Utah outpost stands in for Mars
HANKSVILLE, Utah — Four people wearing space helmets and square backpacks emerge from a circular structure resembling a water tank and step onto a reddish, barren landscape.
One hikes up a hill to take magnetic readings of the ground with a rectangular apparatus that looks like a large leveling tool. Another pushes a wheelbarrow equipped with sensors arrayed in a zig-zag pattern.
For a group of six Belgian college students, it’s just another simulated day on Mars.
This rocky corner of Utah bears such a resemblance to the red planet that it’s become a hot spot for scientists and engineers to run imaginary missions to Earth’s neighbor.
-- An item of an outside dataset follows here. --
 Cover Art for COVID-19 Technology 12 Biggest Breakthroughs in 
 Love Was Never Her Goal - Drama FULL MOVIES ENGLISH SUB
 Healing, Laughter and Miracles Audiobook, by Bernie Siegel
They’ve been coming here for more than a decade, hoping their research someday helps put humans on the Martian surface.
This site and others that allow crews to mimic interplanetary missions are helping to raise buzz about Mars to an all-time high as advancements in science and engineering convince space enthusiasts that the 140-million-mile trip is a realistic possibility in this century.
The research center is run by the nonprofit Mars Society, an advocacy group that believes getting people to Mars to be the great challenge of our time. The group is not affiliated with NASA or the federal government.
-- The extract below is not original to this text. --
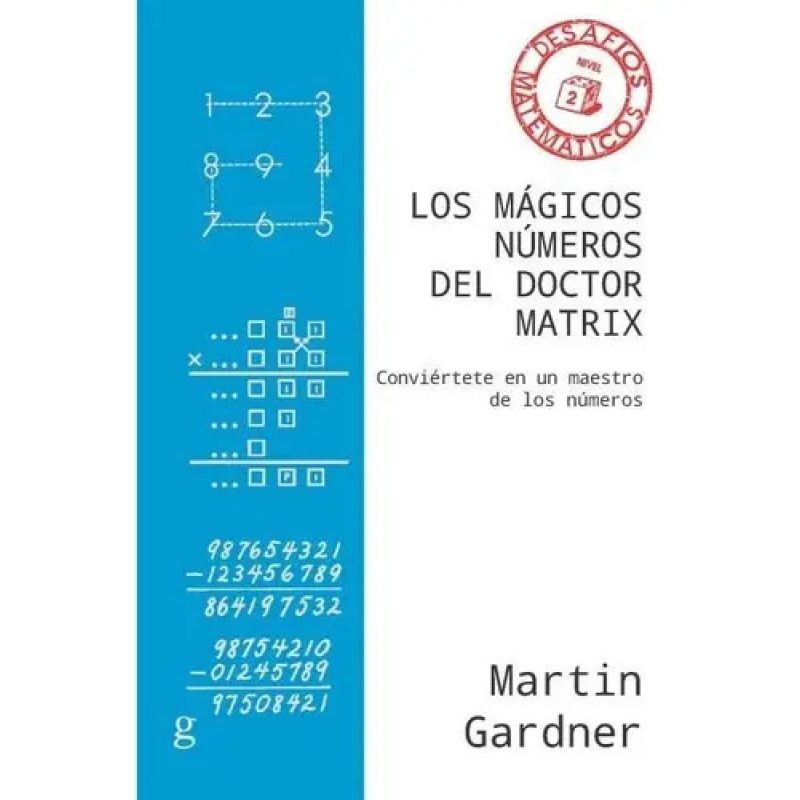 LOS MAGICOS NUMEROS DEL DOCTOR MATRIX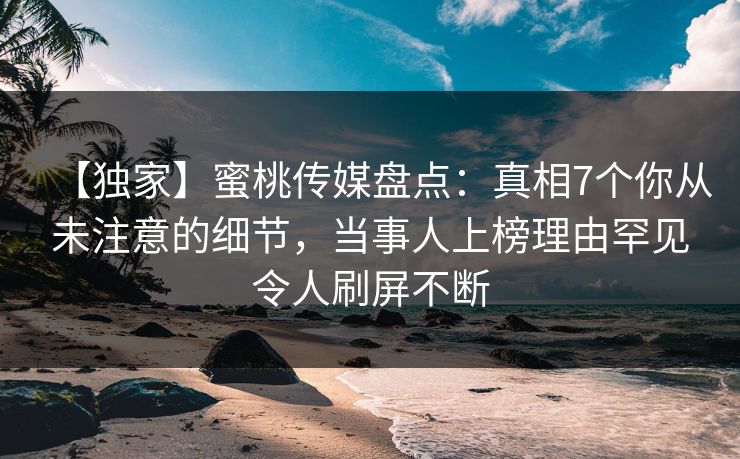 【独家】蜜桃传媒盘点：真相7个你从未注意的细节，当事人上榜理由罕见令人刷屏不断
“What we are doing on Mars is beginning humanity’s career as a space-faring species, a multi-planet species,” said Robert Zubrin, Mars Society director. “This is about extending the human reach from one world to many worlds.”
On Tuesday, the third annual Humans to Mars Summit kicks off in Washington D.C., with about 800 attendees expected and as many as a quarter million more watching webcasts, said Chris Carberry, executive director of the organi- zation that puts on the summit, Explore Mars Inc.
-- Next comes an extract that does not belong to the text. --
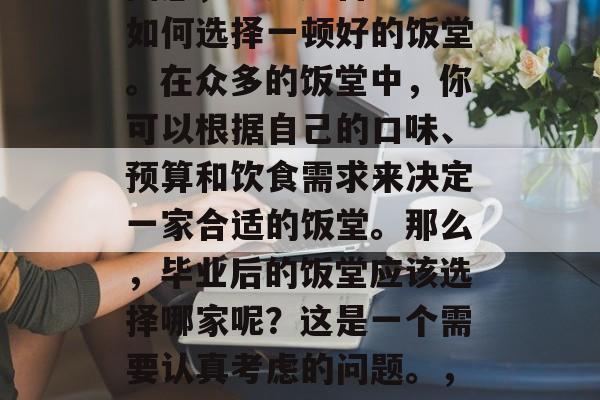 毕业后，你可能会感到困惑，不知道自己应该如何选择一顿好的饭堂。在众多的饭堂中，你可以根据自己的口味、预算和饮食需求来决定一家合适的饭堂。那么，毕业后的饭堂应该选择哪家呢？这是一个需要认真考虑的问题。，毕业选择饭堂，根据口味预算及需求综合考虑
“There’s never been so much support for sending humans to Mars,” said Carberry, who remembers congressional staffers rolling their eyes when he pitched the idea in the late 1990s while working for the Mars Society.
NASA administrator Charles Bolden said recently in a congressional hearing that the space agency’s plan is to get people to Mars in the 2030s.
Private companies are trying to beat NASA by getting people there first. Billionaire entrepreneur Elon Musk’s company, SpaceX, plans to unveil concepts for Mars colonization later this year. Richard Branson’s company, Virgin Galactic, has also discussed a trip to Mars.
The Belgian students are the 153rd group in the last 14 years to travel to this outpost for a two-week mission.
None of the six are interested in going to Mars without a guarantee of a safe return.
“I could die for science, but at 70 years old and not at 30,” said Romain Compere, now 23. “I don’t want to die without oxygen and thousands of kilometers from my home with no one to love me.”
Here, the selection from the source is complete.